Il problema non è, ovviamente, che tradizioni arcaiche abbiano trasmesso così la loro lettura mitologica (tutta da interpretare) di fatti altamente drammatici come la storia degli antichi popoli insegna.

Il "problema" è che ancora oggi, anno domini 2013, ci sia qualcuno che va sostenendo: “qualcosa è misteriosamente avvenuto alle origini e qualcosa continua ad avvenire in ognuno di noi”, accomunando così miliardi di persone che hanno vissuto e vivono l’intera loro vita senza far male ad una mosca a quella minoranza (che nessuno nega che esista e sia esistita) capace di fare del male; che ha attuato un comportamento violento, vessatorio o prevaricatorio verso i suoi simili.

Non è così; ci sono gli oppressi e gli oppressori, i violentatori e i violentati. I deboli e i forti che spesso, troppo spesso, usano la loro forza per umiliare, ferire, prevaricare, offendere. E uccidere, come capita con inaudita frequenza alle donne ammazzate da mariti, fidanzati, "amanti".

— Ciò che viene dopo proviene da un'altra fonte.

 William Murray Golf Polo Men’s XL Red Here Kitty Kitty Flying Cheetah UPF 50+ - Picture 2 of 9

Ma pensare che da sempre “il violento domina il non violento” (è una frase di Massimo Fagioli in Istinto di morte e conoscenza) significa dire che l’umanità ha, o potrebbe avere, tutte le possibilità di imparare a riconoscere e contrastare la violenza di quei pochi, spezzando i sottili legami di connivenza che conferiscono ai violenti dominatori il loro potere reale.

Sostenere invece, delirando, che tutti gli esseri umani sono accomunati da una origine nefasta e assassina - definita "naturale" - significa affossare definitivamente ogni speranza di riscatto e di liberazione. E significa equiparare le vittime e i carnefici, entrambi umani e quindi entrambi con qualcosa che “non funziona” dentro.

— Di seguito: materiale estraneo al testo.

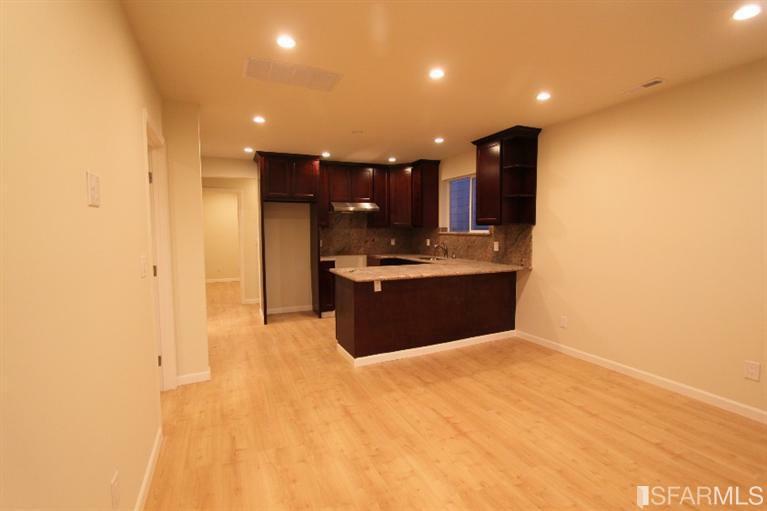 Property Photo:  2909 Jennings Street  CA 94124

Ideologia culturalmente tanto devastante quanto insostenibile. Ovverossia ideologia che "non sa” ciò che è vero, ma che “vuole” che ciò sia vero.

Ed è proprio così, insiste il teologo: “Il testo sacro può essersi servito anche del linguaggio del mito per trasmettere questa verità originaria”. Così la chiama: "verità originaria". Lo sa lui, interpretando a casaccio i miti della Mesopotamia antica, che cosa è la verità umana.

Onestamente l’intervistatore si lascia andare a qualche dubbio “Uno potrebbe dire che la fondazione biblica di questa verità è debole e la Chiesa ci abbia ricamato sopra” ripetendo timidamente quello che un grande biblista e filologo contemporaneo, Carlo Enzo, ebbe a dire - molto più decisamente - sulle pagine di Repubblica in merito al peccato originale: nel testo ebraico il peccato originale “non esiste” perché è un’interpretazione tarda (cioè cristiana) del racconto biblico, ricordando come nella tradizione ebraica “peccato” abbia un senso più vicino a “omissione di fare qualcosa di buono” piuttosto che “offesa al Dio per aver fatto qualcosa di sbagliato”.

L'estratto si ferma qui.